In 1847, Marx and Engels wrote their most famous pamphlet, the Communist Manifesto. This began their decades of political activity in the international workers movement. Their contributions had an impact around the world.
Marx and Engels argued that capitalism is based on private ownership of the means of production and the exploitation of the working class. A tiny elite – the capitalist class – owns the factories, mines, railways, and the banks. Those who do not own these things – the proletariat or working class – must sell their ability to work in return for a paycheck. The working class only gets a portion of the value it produces as wages. It is through this theft of the wealth that the workers create, that capitalists control the riches of society. The drive for greater profits creates a competition between the capitalists.
Marx and Engels argued that the working class could overthrow capitalism and reorganize society democratically to meet the needs of the majority. This society, a socialist society, would mean that there would be no more CEOs, bankers, or bureaucrats calling the shots. With working time greatly reduced, people would be free to explore and develop all their capacities – as athletes, as scientists, as artists. People would have time for their friends, their children, or as one socialist put it – the right to just be lazy sometimes. War and global inequality, produced by the capitalist system, would disappear. For the first time since the dawn of civilization, the majority of human beings would work to live, not just live to work.
Marx and Engels argued that workers needed to be involved in all struggles against oppression. They supported national independence for the Irish from Britain and supported the North in the American Civil War because it would emancipate African American slaves. Marx and Engels demanded equality for women and their liberation from male domination – the first form of oppression. Socialists and communists have been at the forefront of every struggle of the oppressed ever since Marx and Engels wrote the Manifesto.
Because of the hope offered by a socialist future, a number of dictatorial regimes have claimed to be socialist while carrying out their programs of nationalist development. Without the working class in control, the first steps to build a socialist society cannot even be taken.

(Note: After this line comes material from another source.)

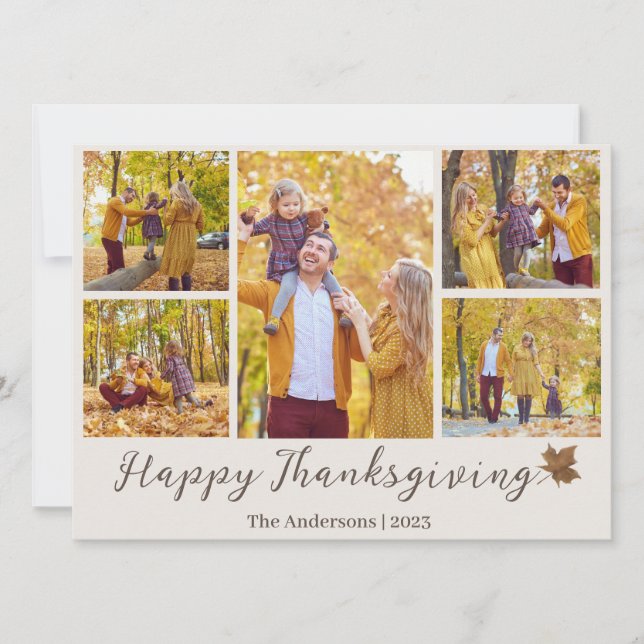 Tarjeta Festiva Sencillo collage de fotos de la familia moderna de (Anverso)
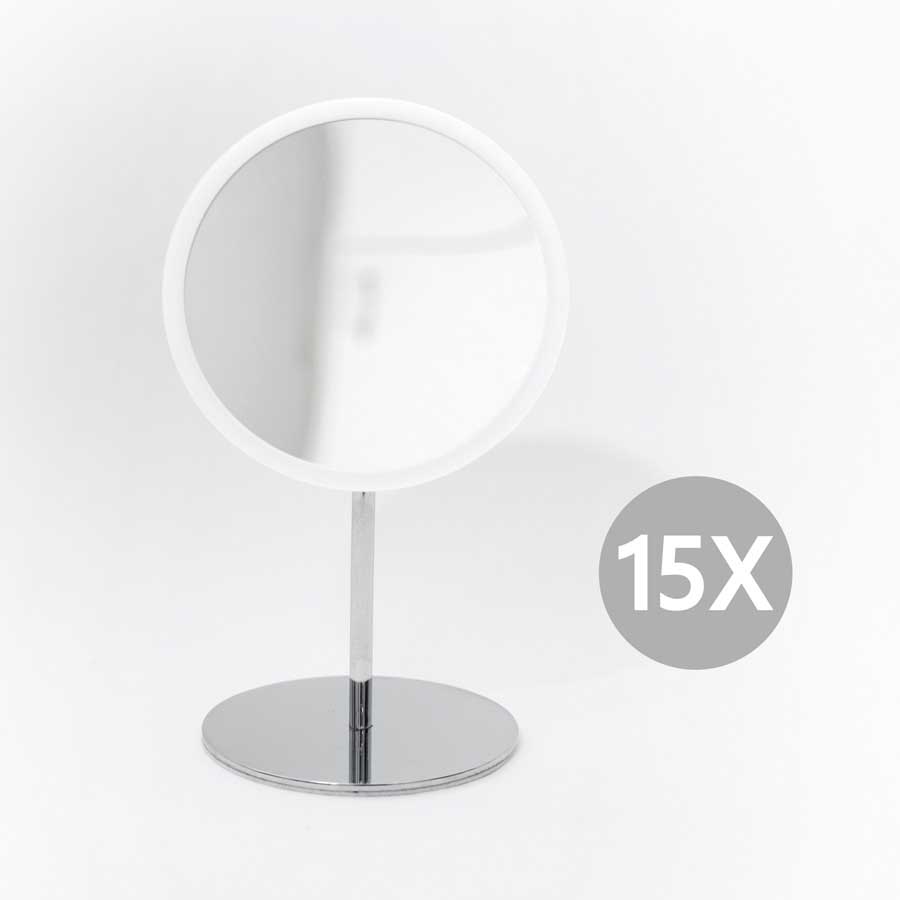 AirMirror™ Table Stand. Detachable Make-up Mirror X15 - White. ø 16,5 cm, 3 cm depth. Glass. Silicone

Marx’s ideas continue to describe the realities we confront today. The majority of the world’s population, the working class, has no property except its personal possessions and is forced to work for a boss to collect a wage to live. Wealth is concentrated in fewer hands than ever before. The world’s eight richest capitalists own more than the poorest three and half billion people. In their competition to control the world’s wealth, the capitalists tear the world apart through savage wars. And today capitalism threatens to cause global ecological collapse – a consequence of capitalism Marx and Engels never imagined.
This small class of people maintains its control over the majority dividing the working class by race, gender, and nationality, pitting us against each other in the struggle to survive. And to maintain their rule, they use their police, courts and prisons.
Marx and Engels were right. “The proletarians of the world have nothing to lose but their chains. They have a world to win. Workers of all countries: Unite!”